Donald Trump says migrants are ‘poisoning the blood of our country’ in campaign speech

Donald Trump has said undocumented immigrants were “poisoning the blood of our country” during a speech in New Hampshire.

The Republican presidential frontrunner repeated language that had previously been criticized as xenophobic and echoing Nazi rhetoric.

Mr Trump made the comments during a campaign event where he railed against the record number of migrants attempting to cross the US border illegally.

He has promised to crack down on illegal immigration and restrict legal immigration if elected to a second four-year term in office.

“They’re poisoning the blood of our country,” he told a rally in the city of Durham attended by several thousand supporters.

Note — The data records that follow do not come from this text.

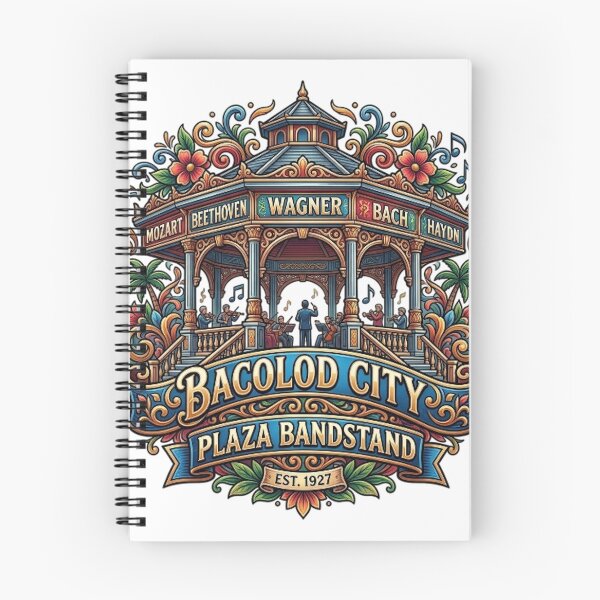 Item preview, BACOLOD CITY PLAZA BANDSTAND designed and sold by likbatonboot.
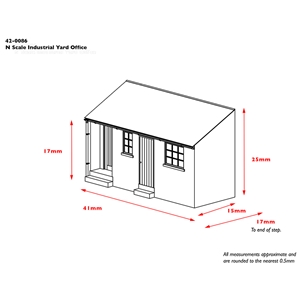 42-0086 Dimensions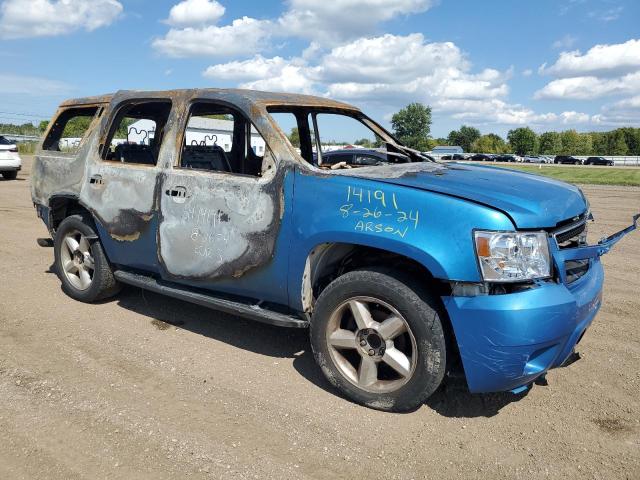 Photo 4 from auction – 2010 CHEVROLET TAHOE C150 with VIN 1GNMCAE00AR221061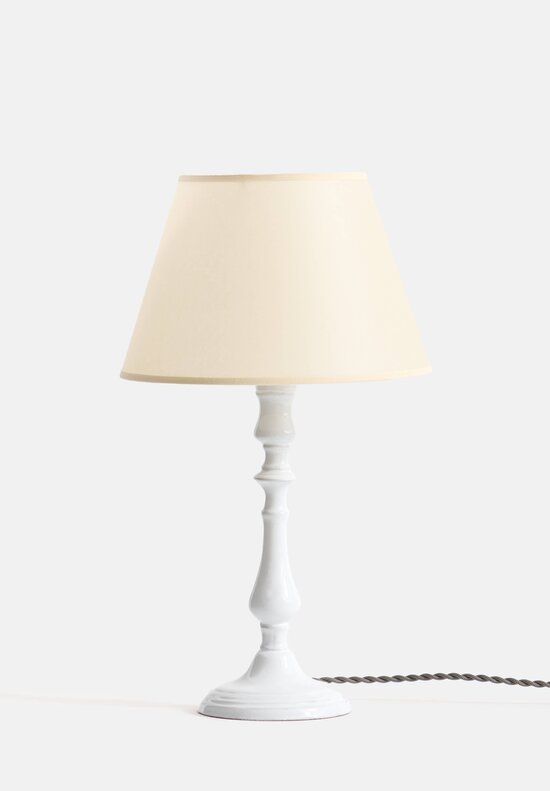 Astier De Villate Gigi Light Holder in White	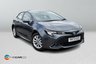 USED 2023 73 TOYOTA COROLLA 1.8 VVT-h Icon Hatchback 5dr Petrol Hybrid CVT Euro 6 (s/s) (140 ps) 1 Owner + Adaptive Cruise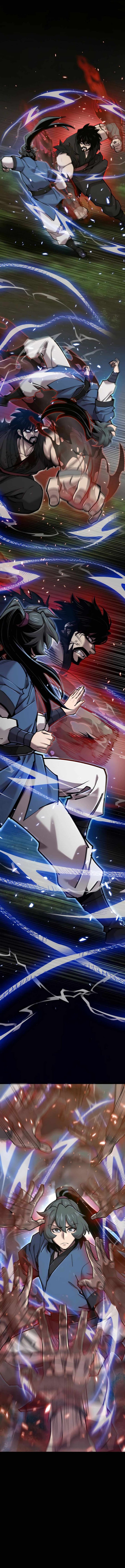 The Masters Are Watching Over Me chapter 53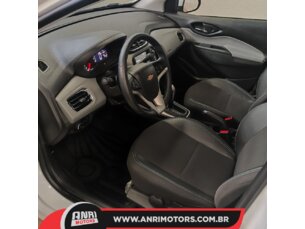 Foto 7 - Chevrolet Onix Onix 1.4 LT SPE/4 (Aut) automático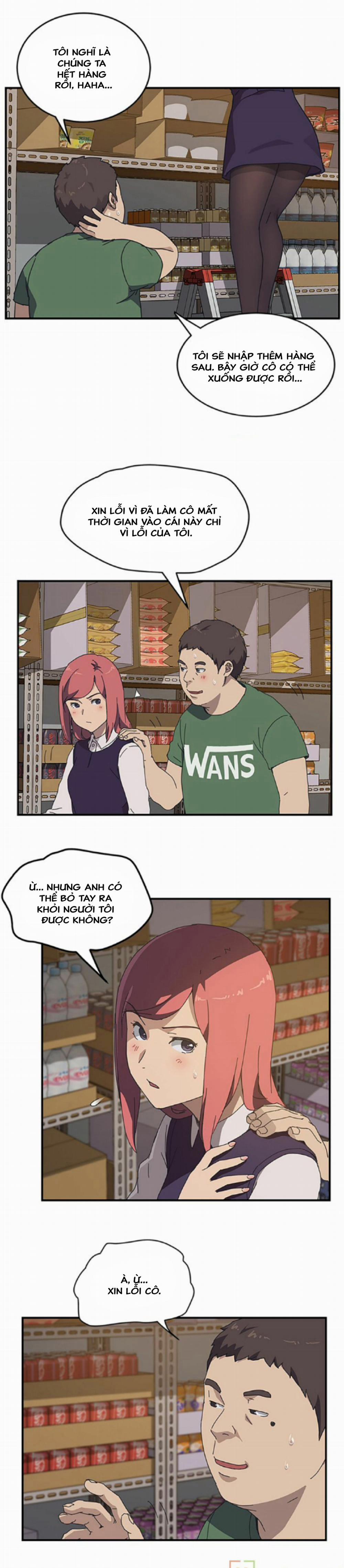 Sống Chung Với Dâm Nữ 14 trang 13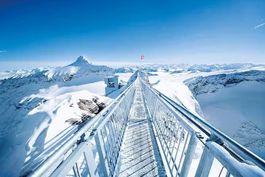 Glacier 3000 2 Tickets – super Angebot!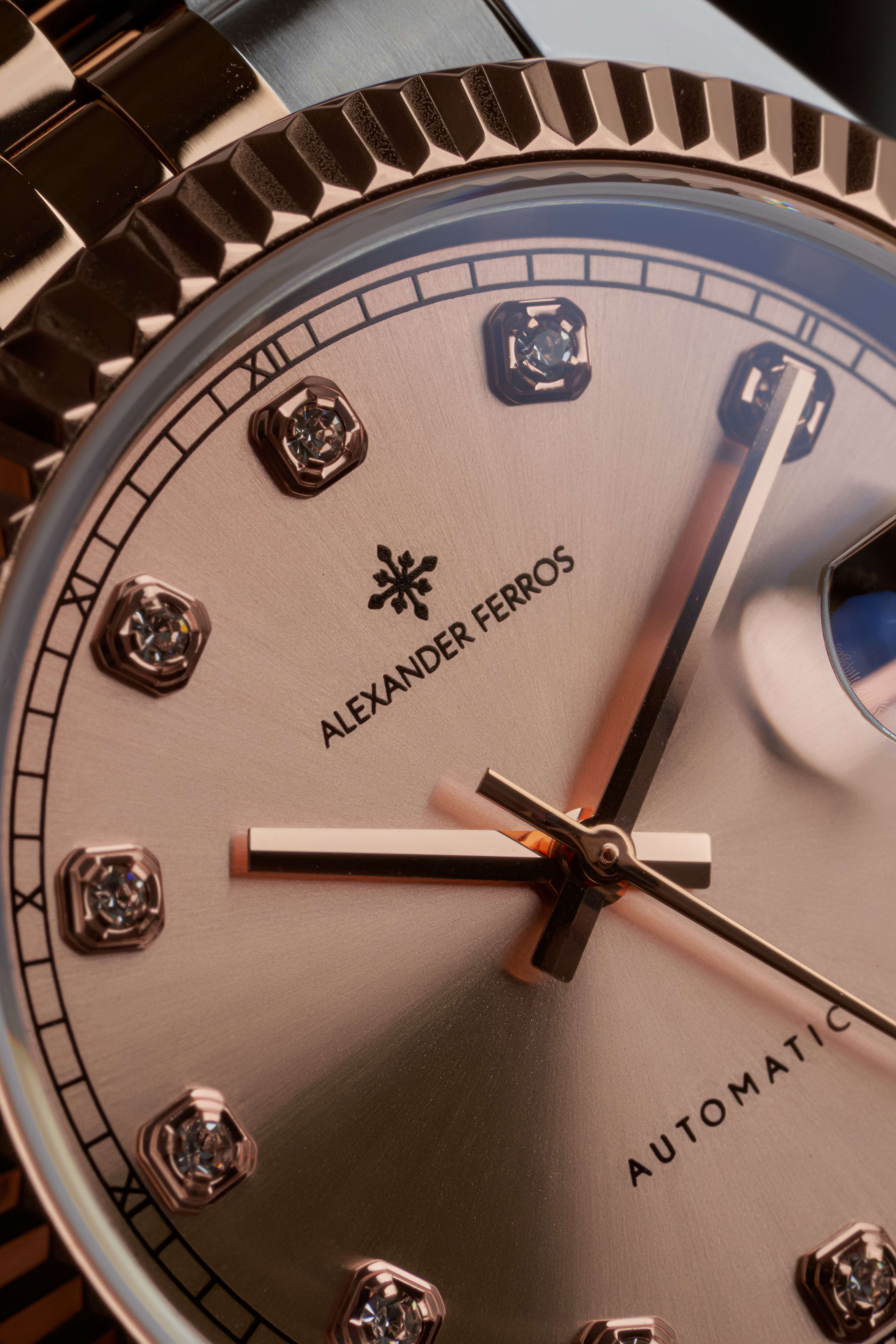 Alexander Ferros 8232D - Premium Watches | Alexander Ferros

He said immigrants were coming to the US from Asia and Africa in addition to South America, adding: “All over the world they are pouring into our country.”

He used the same “poisoning the blood” language during an interview with The National Pulse, a right-leaning website that was published in late September.

It prompted a rebuke from the Anti-Defamation League, whose leader, Jonathan Greenblatt, called the language “racist, xenophobic and despicable”.

Jason Stanley, a Yale professor and author of a book on fascism, said Mr Trump’s repeated use of that language was dangerous.

He said the words echoed the rhetoric of Nazi leader Adolf Hitler.

“He is now employing this vocabulary in repetition in rallies. Repeating dangerous speech increases its normalization and the practices it recommends,” he said.

“This is very concerning talk for the safety of immigrants in the US.”

In October, Trump campaign spokesperson Steven Cheung had dismissed criticism of the former president’s language as “nonsensical”, arguing that similar language was prevalent in books, news articles and on TV.